¶ … Life According to the Last Lecture
It is difficult to conceptualize and verbalize those things which should be seen as most important to us in life. This is, of course, a deeply subjective discussion and one highly subject to changes in perspective as one goes through various stages of one's life. The terminal stage though is one which imposes perhaps the greatest demand for introspection, for evaluation and for reflection on how the life behind one stacks up to the life which one perceived ahead of him so many years ago. This seems to be the challenge at the center of Pausch's () sobering and simultaneously affirming meditation on death.

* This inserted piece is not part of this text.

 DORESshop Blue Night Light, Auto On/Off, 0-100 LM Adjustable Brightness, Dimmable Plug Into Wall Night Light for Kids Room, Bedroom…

Indeed, Pausch provides us with a compelling meditation on the cusp of his own tragically young and impending death that centers on the identification of those things which truly matter. As expected and understood, Pausch spends considerable focus on the importance of his wife and family. In his perspective, these constituted his highest priority, his legacy and his purpose on earth. But this resolution was not in and of itself satisfying for the professor, lecturer and author. Instead, he sought a way to validate himself more personally and directly, and in such a manner that the priorities of greatest importance could be reiterated for his children as they became old enough to understand them.

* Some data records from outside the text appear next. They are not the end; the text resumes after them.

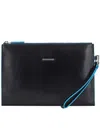 Piquadro Leather Clutch Bag In Black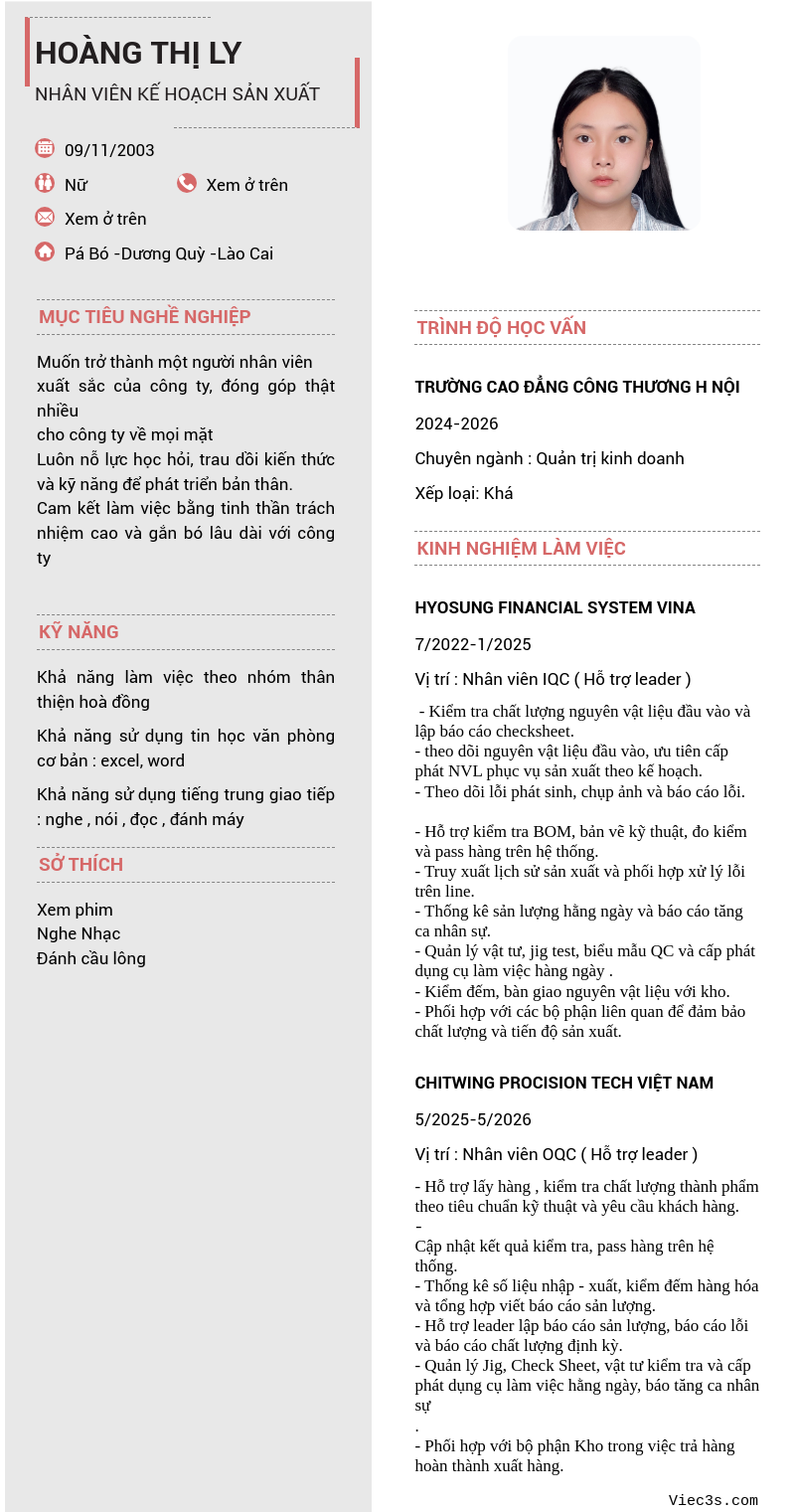 CV ứng viên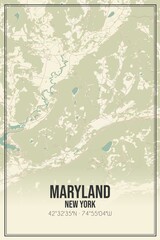Retro US city map of Maryland, New York. Vintage street map.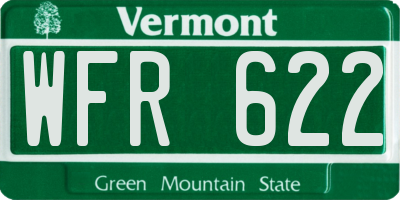 VT license plate WFR622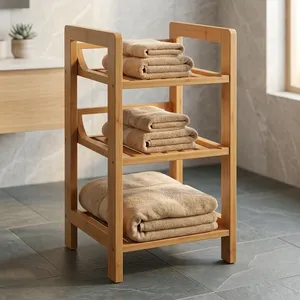 Étagère de rangement à 3 niveaux en bois de manguier, design minimaliste, organisateur gain de place pour salle de bain, cuisine, salon, porte-serviettes en bois - Product Image 1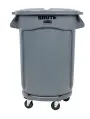 MAGNUM 55 GL TRASH CAN W/ LID & DOLLY GRAY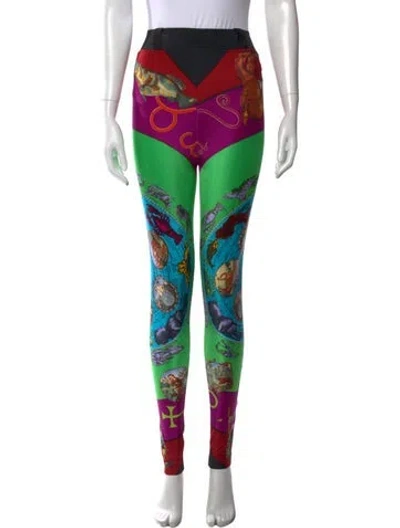 Pre-owned Versace Vintage Skinny Leg Pants In Multicolor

In light of this self-imposed task, Pausch would arrive at one major ambition that seems to be repeated throughout his text, which is that one should remain committed to the ambitions and fantasies that form during childhood. To this end, Pausch may be seen as a lucky man. While we are troubled by the arbitrary misfortune that would strike down a smart, attractive and powerful man during his prime years, Pausch insists that his priorities have allowed him to be completely fulfilled even on the cusp of death. He claims that "whatever my accomplishments, all of the things I loved were rooted in the dreams and goals I had as a child . . . And in the ways I had managed to fulfill almost all of them. My uniqueness, I realized, came in the specifics of all the dreams -- form incredibly meaningful to decidedly quirky -- that defined my forty-six years of life." (p. 10)
As Pausch arrives at this revelation, it is knowing full well that he is fast approaching death, but it has allowed him to view this not with bitterness but with a sense of his good fortunate at having been able to accomplish so much of what he desired in that short space of time allotted. Of course, we can also see on a psychoanalytical level that there are elements of importance attributed to certain aspects of Pausch's life that are not explicitly stated in the text. Namely, one is inclined to consider the professional aspirations that have marked his time on earth and the degree to which these come to define so much in his final days. Indeed, the text makes frequent reference to the difficulty which Pausch experiences in attempting to balance his family life and the time spent on his swan song lecture, with the understanding that he feels he must accomplish something important in relation to the latter.